The dogs weren't too sure what to do. After a bit of shuffling around, I got each of them settled. Just like at home, Dexter, Denali, and Willow slept in the bed and Knox and Blitz slept beneath us. 

The cold started to creep in around 7 or 8:00 PM, so I plugged in the little electric heater the van's original owner gave me. It helped, but not quite enough, so I used my propane camp stove to make tea. (Remember: ventilate if you cook inside a van or tent! Or you WILL die.) This warmed the van up enough to be comfortable while I read and avoided reality for a little while.

Sleeping in the van was surprisingly comfortable, if you consider being cramped between three dogs comfortable. Their warmth was welcomed, though. At one point I woke up spooning Willow, with her head tucked under my chin. (This is cute and totally not depressing or weird.)

My phone crapped out pretty early, since I wasn't charging it and the temperatures were low.
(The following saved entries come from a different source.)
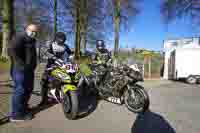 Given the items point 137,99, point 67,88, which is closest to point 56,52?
point 67,88

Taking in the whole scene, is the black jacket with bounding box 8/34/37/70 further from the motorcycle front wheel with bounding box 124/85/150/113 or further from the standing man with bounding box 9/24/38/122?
the motorcycle front wheel with bounding box 124/85/150/113

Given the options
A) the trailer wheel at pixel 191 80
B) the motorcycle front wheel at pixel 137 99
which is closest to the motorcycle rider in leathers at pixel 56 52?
the motorcycle front wheel at pixel 137 99

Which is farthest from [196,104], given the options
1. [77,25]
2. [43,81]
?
[77,25]

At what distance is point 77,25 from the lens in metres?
18.2

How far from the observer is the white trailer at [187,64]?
13.9 metres

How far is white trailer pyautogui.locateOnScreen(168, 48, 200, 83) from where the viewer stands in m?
13.9

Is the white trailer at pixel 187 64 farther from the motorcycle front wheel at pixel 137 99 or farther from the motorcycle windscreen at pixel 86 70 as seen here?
the motorcycle front wheel at pixel 137 99

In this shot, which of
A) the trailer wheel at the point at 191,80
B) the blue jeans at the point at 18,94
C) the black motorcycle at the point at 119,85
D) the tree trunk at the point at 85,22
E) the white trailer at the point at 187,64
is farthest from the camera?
the tree trunk at the point at 85,22

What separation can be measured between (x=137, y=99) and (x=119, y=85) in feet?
1.91

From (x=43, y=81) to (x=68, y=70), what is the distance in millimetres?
939

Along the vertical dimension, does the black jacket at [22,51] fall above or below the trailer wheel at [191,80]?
above

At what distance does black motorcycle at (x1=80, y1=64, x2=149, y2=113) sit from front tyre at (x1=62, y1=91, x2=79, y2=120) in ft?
3.79

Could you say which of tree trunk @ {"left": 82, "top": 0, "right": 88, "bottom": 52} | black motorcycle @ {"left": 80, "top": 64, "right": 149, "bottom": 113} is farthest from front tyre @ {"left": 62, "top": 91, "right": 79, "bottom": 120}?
tree trunk @ {"left": 82, "top": 0, "right": 88, "bottom": 52}

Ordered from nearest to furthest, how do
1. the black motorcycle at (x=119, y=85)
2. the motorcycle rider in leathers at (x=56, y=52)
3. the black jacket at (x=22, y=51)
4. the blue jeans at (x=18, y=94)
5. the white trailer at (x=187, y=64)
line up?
1. the black jacket at (x=22, y=51)
2. the blue jeans at (x=18, y=94)
3. the black motorcycle at (x=119, y=85)
4. the motorcycle rider in leathers at (x=56, y=52)
5. the white trailer at (x=187, y=64) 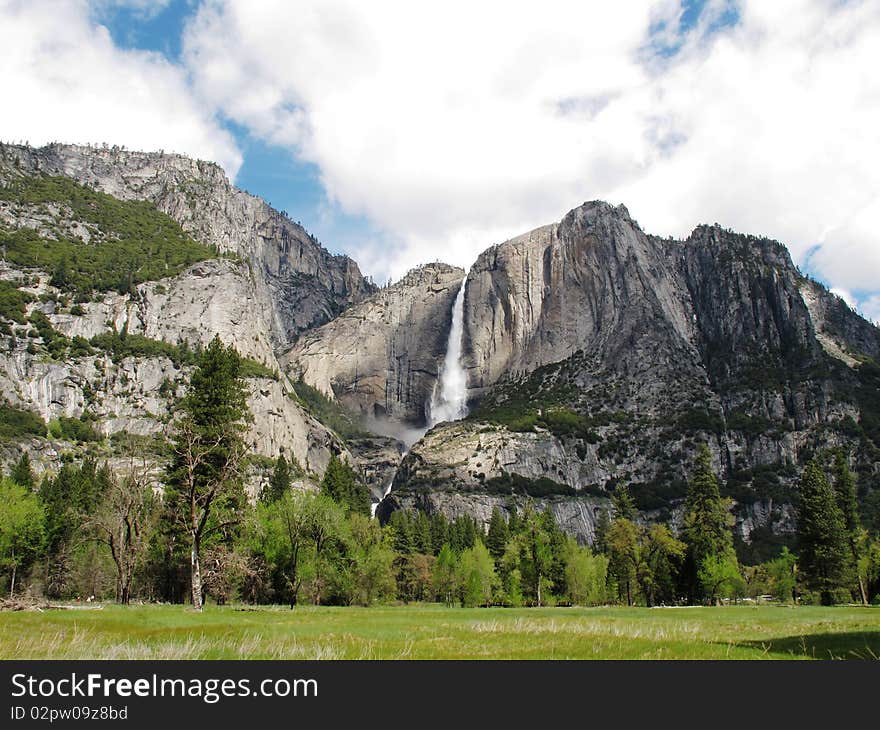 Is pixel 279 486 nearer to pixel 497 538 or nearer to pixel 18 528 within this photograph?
pixel 18 528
The next morning I couldn't get it to stay on, so we set out for a brief run without any GPS to save us. I played it safe and managed four miles (like I had originally planned) by running a big square.

Once we got back to camp, I was eager to get back home, but Rover had other ideas. The condensation on the windows had frozen over night, and for whatever reason, the heat wouldn't turn on. Usually it kicks on when I start driving, but alas, I could not see to drive. My lazy desire to grab a Wawa breakfast sandwich was defeated, and I cooked up some eggs and coffee to defrost the ice.

Ultimately, the first overnight in the van went fairly well. There's definitely things I need to consider for the future, but overall, it was a nice little escape. 

 * LOL I know what you're thinking, what are the upsides of winter camping? Well, if you're not a dog musher, there are some other perks. Zero bugs, for one. And you pretty much have the entire woods to yourself. Because you're crazy and it's 25 degrees.